** Opening Data listing block **
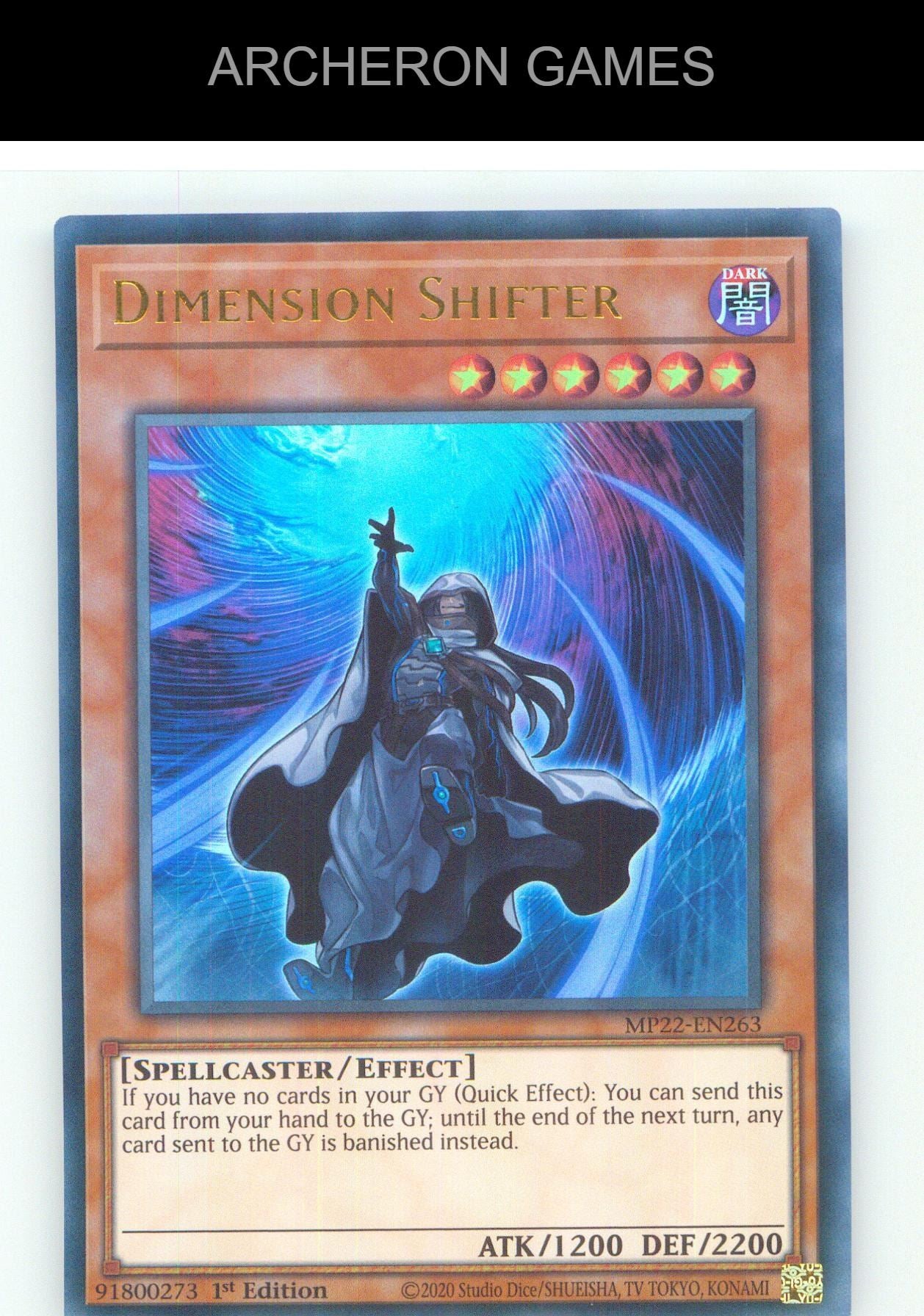 Dimension Shifter UR YUGIOH Card 1st Edition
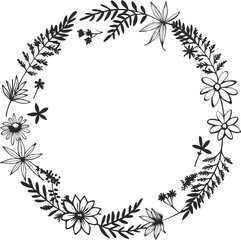 a beautiful flower ornamental frame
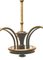 Lámpara de araña italiana vintage con cinco brazos, años 60, Imagen 7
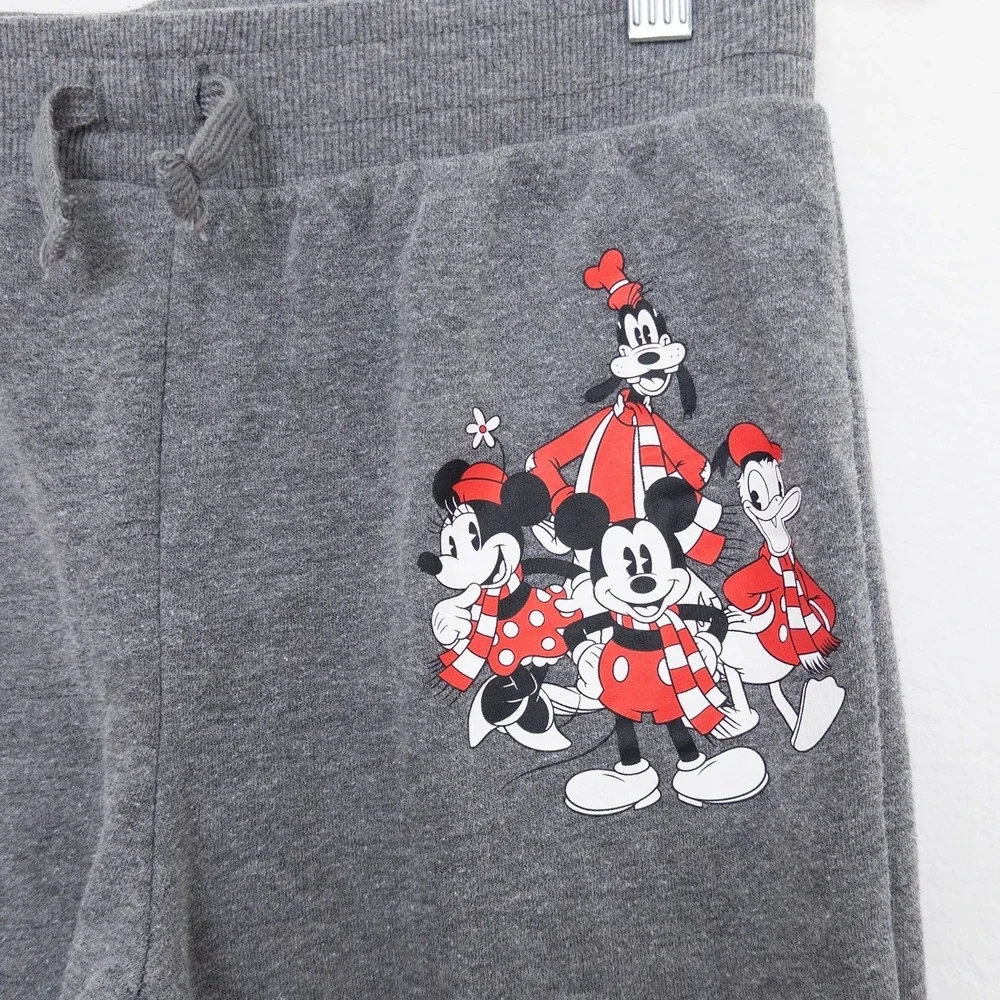 Disney Girls Sweatshirt Sweatpants‎ Set Size XL Gray Mickey Mouse Lounge Outfit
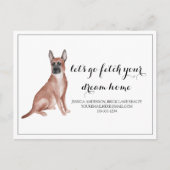 German Shepard Dog Real Estate Purchase Marketing Briefkaart (Voorkant)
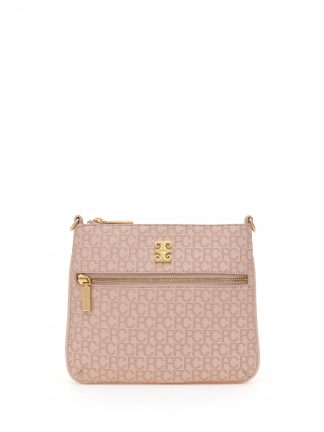 کیف دوشی زنانه صورتی پودری پیرکاردین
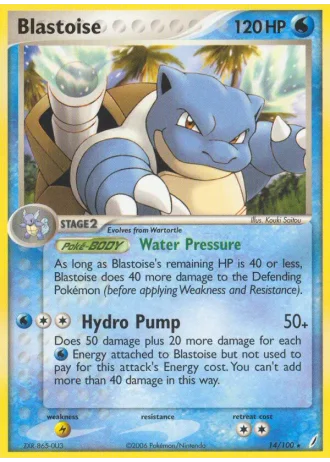 Blastoise #14/100 — EX Guardiani dei Cristalli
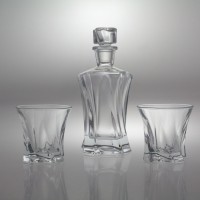 Komplet kryształowy do whisky 1+6 - COOPER (517488)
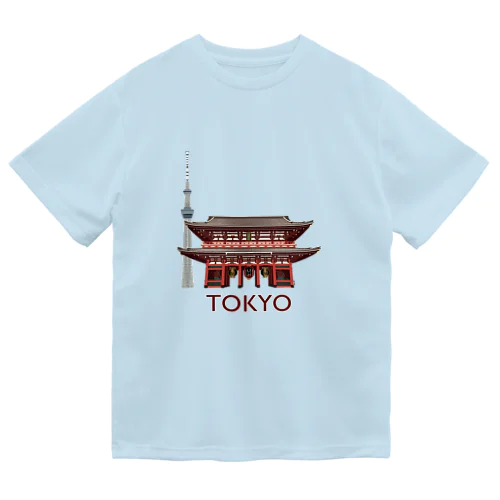 東京 浅草 Dry T-Shirt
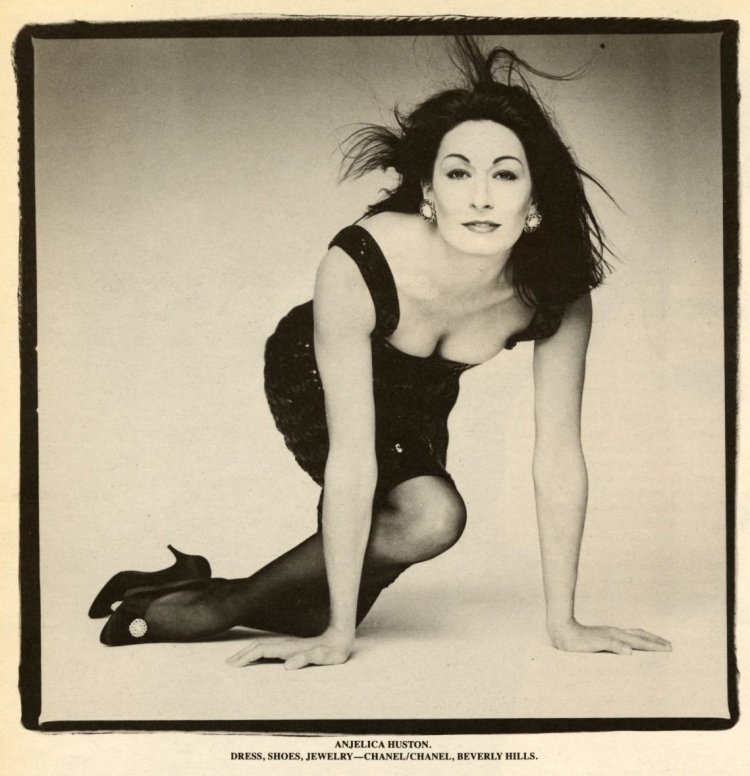 Анжелика хьюстон в молодости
** Closing Data listing block **
Directions = Go through the entries and retype them exactly, except for the images.

Reply to the task =
 Dimension Shifter UR YUGIOH Card 1st Edition
 a beautiful flower ornamental frame
 Lámpara de araña italiana vintage con cinco brazos, años 60, Imagen 7
 Disney Girls Sweatshirt Sweatpants‎ Set Size XL Gray Mickey Mouse Lounge Outfit
 German Shepard Dog Real Estate Purchase Marketing Briefkaart (Voorkant)
 کیف دوشی زنانه صورتی پودری پیرکاردین
 Blastoise #14/100 — EX Guardiani dei Cristalli
 Komplet kryształowy do whisky 1+6 - COOPER (517488)
 東京 浅草 Dry T-Shirt
 Анжелика хьюстон в молодости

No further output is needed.